Dystopia Nå – Dweller On The Threshold (2015)

Author: Crono

Artist: Dystopia Nå!

Album: Dweller On The Threshold

Label: Avantgarde Music


Dystopia Nå! What a band name! This is (obviously) Norwegian for Dystopia Now! Dweller on the Threshold is Dystopia Nå’s second album. This band has such an interesting approach to the style of music they are attempting to do, which is apparently depressive black metal, but with so many other elements pushed into it that you couldn’t be blamed for calling this a progressive black/death album.


Dystopia Nå is a band that is made up of three multi-instrumentalists, each member taking on more than one role. This, as I’ve noticed before with another multi-instrumentalist band I recently reviewed, Amiensus, makes for very dynamic pieces that introduce a lot of different sounds within a single song. Like I said earlier, the sound is very progressive metal, although there is very little of the standard wankery present here.

Half of this album is comprised of lengthy tracks (above 8 minutes usually), and the rest of it is really short songs (the longest being just under 4 minutes, but most not even cracking the 3 minute mark).
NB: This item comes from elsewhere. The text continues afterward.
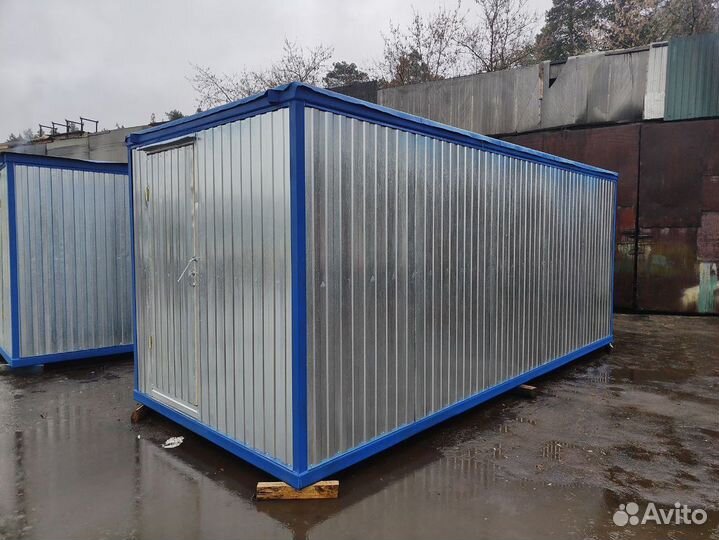 Вагончик с надежной крышей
What you get are beastly slabs of music broken up by thoughtful interludes, where Dystopia Nå indulges in mostly ambient, piano-driven pieces. All in all, I’d say it makes for a nicely paced album; the metal is upfront, and the ambient is only around long enough to push onwards to the next big song. However, many of the shorter songs also include what can only be described as electronic sections, and they almost feel like they could be songs from a movie soundtrack. They are definitely much different from the long songs.

But, since the long songs make up the majority of the album’s run time, I’d like to focus on each one of them. Each big song feels like it is so different from the last in tone and sound. The first song is a driving, relentless passage, definitely drawing from death and even doom to get its sound. The next long song almost sounds like it wants to be sludge, although there are slower, softer sections as well, and even some clean vocals and synth-lead departures. The third long song, my personal favourite, is closest to the depressive black metal sound, and draws heavily from the post-metal elements that are now-standard within the genre. It also features some really great clean vocal sections give the song and the album an even greater range. The album closes out with the last two big pieces, the first one being almost entirely devoid of metal, the second one being the heaviest piece on the album. The first song is such a great song, but let’s not fool around here; aside from the end, it’s essentially a progressive rock song. It would fit better as a bittersweet ballad from Dream Theater or Haken. Hell, it even features a guitar solo, the only one on the album. The final song is beast, the longest song of the album, closing it out in the true epic finisher fashion. It touches every type of sound that has come before it, and really ties together the end.

Overall, this is a strong album. There is a lot to like here, even if you don’t enjoy all of it. Dystopia Nå covers lots of different styles and sounds with Dweller on the Threshold, showing off lots of musicianship. However, because of its very wide range of sounds, I feel like there isn’t something to cling to; I’m left a little lost on what to call this album, as I’m sure many people will be. To me, I feel like I’m listened to an album as progressive as Disillusion’s Back to Times of Splendor or Ana Kefr’s The Burial Tree (II). Unlike these bands, which draw heavily on death metal, Dystopia Nå uses black metal, post-rock, and ambient to develop their sound. It’s definitely an interesting album that deserves a few good listens.